DUYGU GÜVENÇ / ANKARA
Öte yandan, toplantıya AB-Türkiye ilişkilerine yine Kıbrıs damgasını vurdu. Troyka toplantısında, Avrupa Güvenliği'nin NATO imkanlarından yararlanması için Türkiye'ye baskısı artınca, Dışişleri Bakanı Gül, KKTC için mali ve ticari tüzüğün çıkarılmasını istedi. AB kanadı ise Rumlar ile Türkiye'nin ilişkilerinin normalleşmesi konusunda ısrarlı tavır sergiledi.

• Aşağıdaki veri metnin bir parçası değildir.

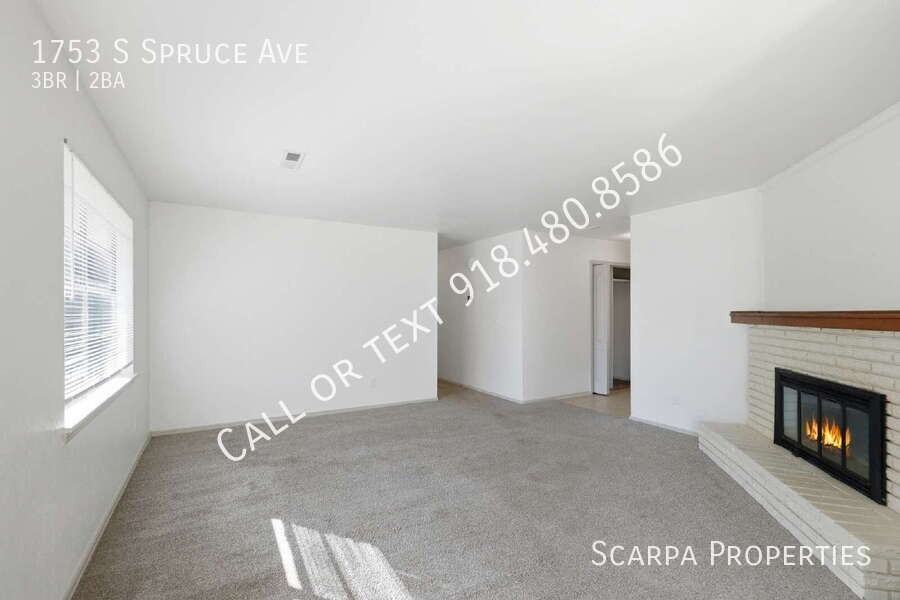 1753 S Spruce Ave - Photo 5 of 18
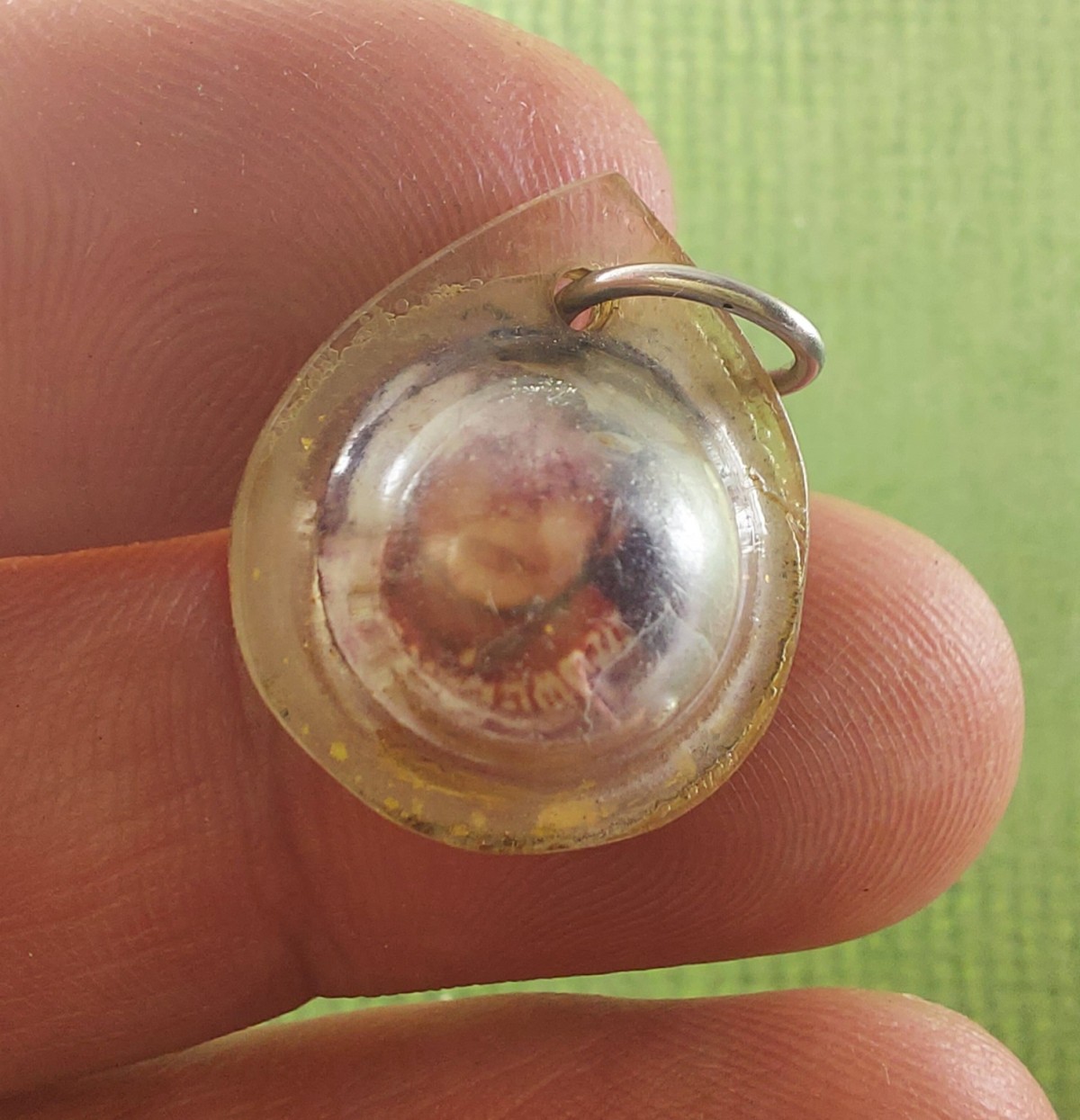 ลูกอม หลวงพ่ออุตมะ เลี่ยมเดิมจากวัด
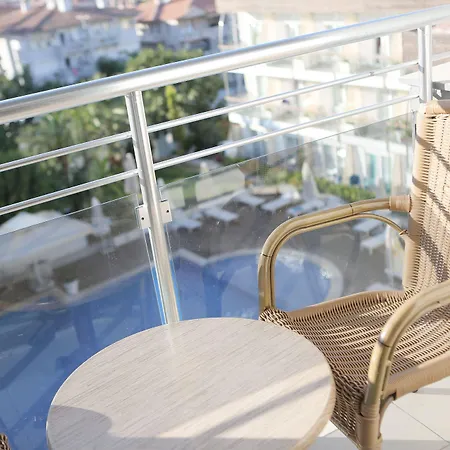 Szálloda Firat Mert Çeşme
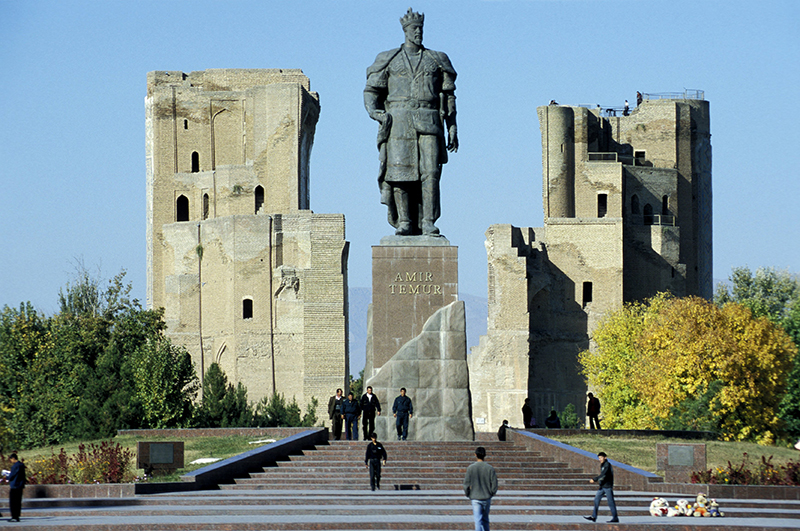 Памятник Тамерлану в Узбекистане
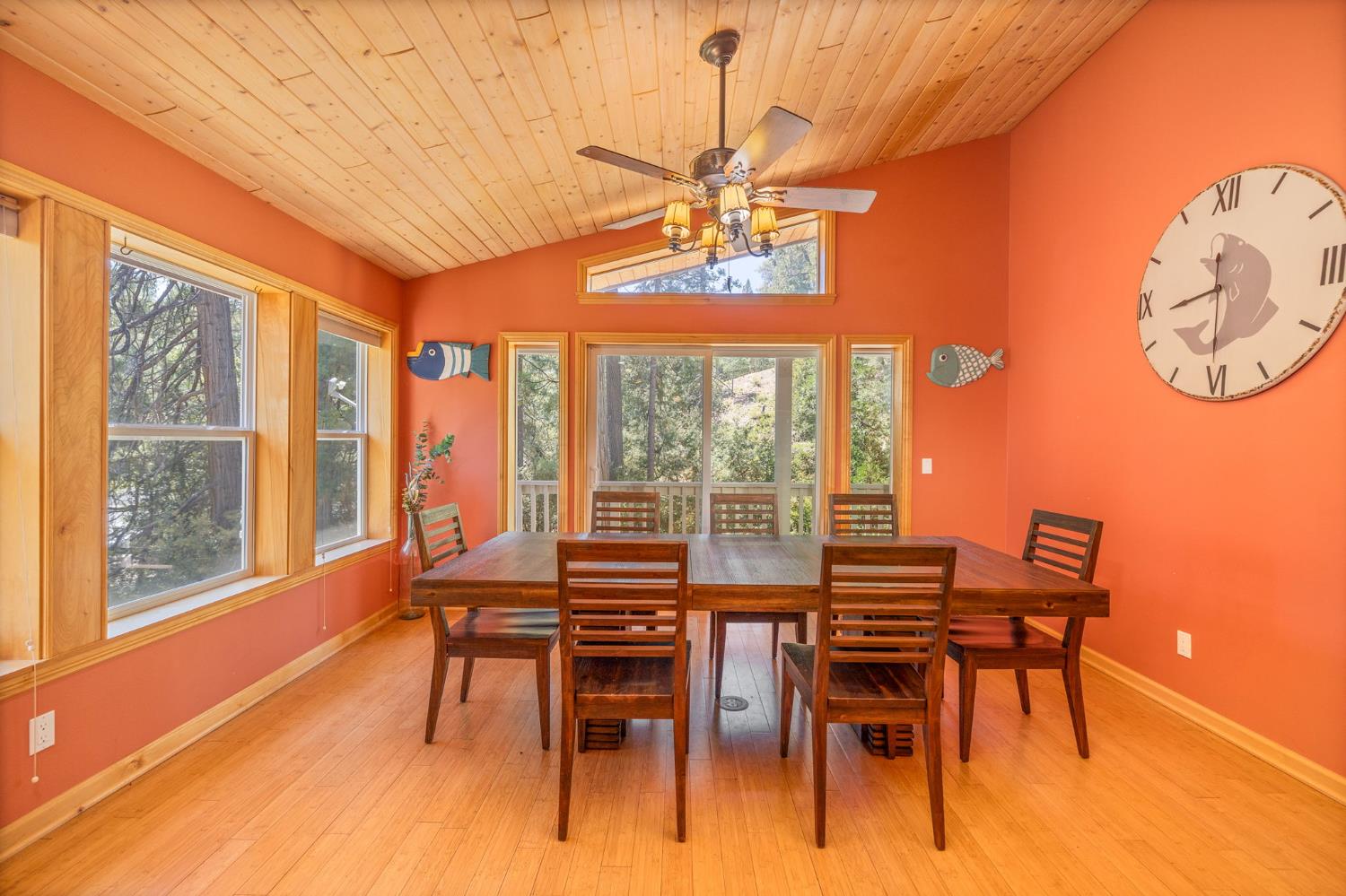 39964 N Cedar Vista Circle, Bass Lake, CA 93604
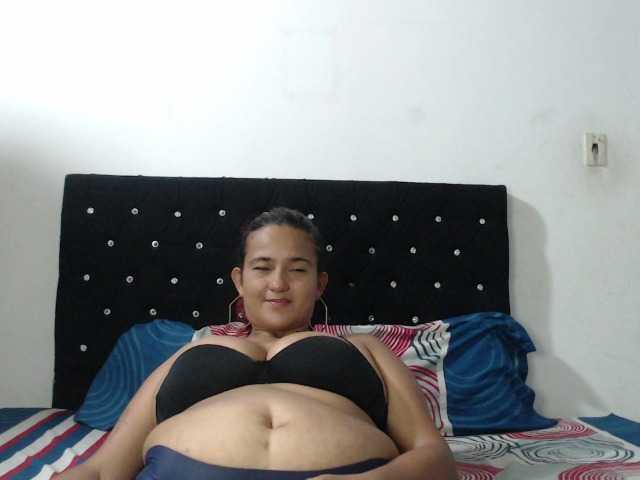 isabellegree, en vivo ahora en BongaCams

Troyka toplantısı Dışişleri Bakanı Abdullah Gül, AB Komisyonu'nun Genişlemeden Sorumlu Üyesi Olli Rehn, Lüksemburg Dışişleri Bakanı Jean Asselborn ve İngiltere'nin Avrupa İşleri'nden Sorumlu Bakanı MacShane'in başkanlığında dün Ankara Palas'ta yapıldı. Sabah 10.00'da başlaması beklenen Troyka toplantısı, AB'li üç konuğun, İstanbul'da meydana gelen olayları kınamak için kendi aralarında yaptıkları dar kapsamlı toplantı nedeniyle 45 dakika gecikmeli olarak başladı.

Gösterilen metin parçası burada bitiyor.